Im Gruselkabinett

Am Dienstag, 7. November 2017 fand im Landesmedienzentrum in der Moltkestraße eine denkwürdige Vorführung des wohl berühmtesten deutschen Stummfilms „ Das Cabinet des Dr. Caligari“ statt. Leider habe ich der Vorführung nicht beigewohnt, denn es war sicher ein einzigartiges Erlebnis. Leser meiner Texte wissen vielleicht, dass es nicht unbedingt ein Lob ist, wenn ich eine Veranstaltung als „einzigartig“ bezeichne, sondern dass es sich vielleicht sogar um bitterböse Ironie handeln könnte.

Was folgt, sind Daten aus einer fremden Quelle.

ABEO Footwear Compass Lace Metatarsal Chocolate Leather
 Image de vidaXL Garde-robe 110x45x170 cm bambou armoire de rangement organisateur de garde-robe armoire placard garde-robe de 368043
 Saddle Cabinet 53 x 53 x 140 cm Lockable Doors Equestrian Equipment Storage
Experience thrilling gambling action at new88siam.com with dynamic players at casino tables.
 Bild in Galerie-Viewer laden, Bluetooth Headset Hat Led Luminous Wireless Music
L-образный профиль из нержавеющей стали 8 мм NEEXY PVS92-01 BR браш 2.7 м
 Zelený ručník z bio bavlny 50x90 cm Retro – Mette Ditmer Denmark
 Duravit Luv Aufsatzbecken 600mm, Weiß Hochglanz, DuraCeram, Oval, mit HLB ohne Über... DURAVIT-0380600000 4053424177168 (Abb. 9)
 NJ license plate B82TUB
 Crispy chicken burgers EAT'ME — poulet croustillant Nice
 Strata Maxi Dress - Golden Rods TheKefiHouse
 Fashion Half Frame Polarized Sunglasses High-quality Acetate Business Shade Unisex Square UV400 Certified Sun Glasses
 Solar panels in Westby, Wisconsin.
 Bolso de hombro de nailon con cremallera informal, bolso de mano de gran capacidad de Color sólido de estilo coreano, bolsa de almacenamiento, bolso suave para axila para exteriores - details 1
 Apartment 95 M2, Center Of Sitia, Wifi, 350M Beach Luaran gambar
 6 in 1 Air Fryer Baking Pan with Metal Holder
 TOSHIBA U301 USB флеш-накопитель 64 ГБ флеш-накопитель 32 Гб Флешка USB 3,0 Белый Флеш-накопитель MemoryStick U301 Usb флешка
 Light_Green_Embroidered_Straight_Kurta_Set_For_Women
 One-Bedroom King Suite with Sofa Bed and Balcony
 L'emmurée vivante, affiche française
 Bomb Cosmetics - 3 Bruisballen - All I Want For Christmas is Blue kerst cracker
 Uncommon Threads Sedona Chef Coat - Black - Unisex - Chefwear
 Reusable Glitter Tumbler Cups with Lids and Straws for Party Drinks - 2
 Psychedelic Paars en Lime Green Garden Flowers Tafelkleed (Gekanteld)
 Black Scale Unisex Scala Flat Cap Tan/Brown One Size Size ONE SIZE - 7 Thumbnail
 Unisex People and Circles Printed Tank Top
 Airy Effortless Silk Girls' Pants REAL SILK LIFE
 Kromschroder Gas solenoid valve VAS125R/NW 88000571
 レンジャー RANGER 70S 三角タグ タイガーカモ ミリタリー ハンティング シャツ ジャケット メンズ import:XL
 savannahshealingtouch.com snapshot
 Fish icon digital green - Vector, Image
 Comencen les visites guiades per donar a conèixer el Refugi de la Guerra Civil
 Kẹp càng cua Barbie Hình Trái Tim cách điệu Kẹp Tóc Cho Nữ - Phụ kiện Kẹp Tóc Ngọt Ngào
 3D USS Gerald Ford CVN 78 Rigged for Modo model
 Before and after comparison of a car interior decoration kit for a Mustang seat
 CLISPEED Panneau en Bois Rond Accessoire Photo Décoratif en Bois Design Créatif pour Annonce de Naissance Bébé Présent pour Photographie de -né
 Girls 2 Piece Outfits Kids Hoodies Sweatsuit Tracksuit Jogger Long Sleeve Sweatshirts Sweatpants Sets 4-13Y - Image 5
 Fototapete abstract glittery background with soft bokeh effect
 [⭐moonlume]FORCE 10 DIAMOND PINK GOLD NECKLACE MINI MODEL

Aber  fangen wir von vorne: Holger Ebeling, Pianist, der in den Anfangsjahren des Stummfilmfestivals Karlsruhe dort häufige Engagements hatte, bezeichnet den „Caligari“ als „Stimmungsfilm“. Was kann denn damit gemeint sein? Später führt er aus, die Musiker wollten bei der Vorführung die Stimmung im Publikum aufgreifen. Aha, nun man könnte sagen, jeder Film oder auch jedes Kunstwerk erzeugt vermutlich Stimmungen bei den Rezipienten. Dann ist der Begriff „Stimmungsfilm“ ziemlich beliebig. Das ist aber jetzt mal zweitrangig. Mich hätte eher interessiert, wie die Musiker die Stimmung im Raum festgestellt haben. Wie soll ich mir das praktisch vorstellen?  Musiker pausiert und horcht ins Publikum? Gut, manchmal „spürt“ man sozusagen die Stimmung im Saal, aber ich finde, offen gesagt, ich finde dieses künstlerische Konzept ziemlich fragwürdig und problematisch in der praktischen Umsetzung.

Bei dieser Gelegenheit erlaube ich mir einen Einwand gegen den Begriff „Vertonung von Stummfilmen“.  Der Begriff legt nahe, dass der Film, also ein Bildmedium, in Töne verwandelt wird. Das ist nicht möglich, und auch nicht Aufgabe einer musikalischen Stummfilmbegleitung. Die musikalische Begleitung eines Stummfilmes hat eine dramaturgische Aufgabe: sie soll dem Publikum eine Hilfestellung leisten, dramaturgische Entwicklungen ggf. antizipieren und unterstützen.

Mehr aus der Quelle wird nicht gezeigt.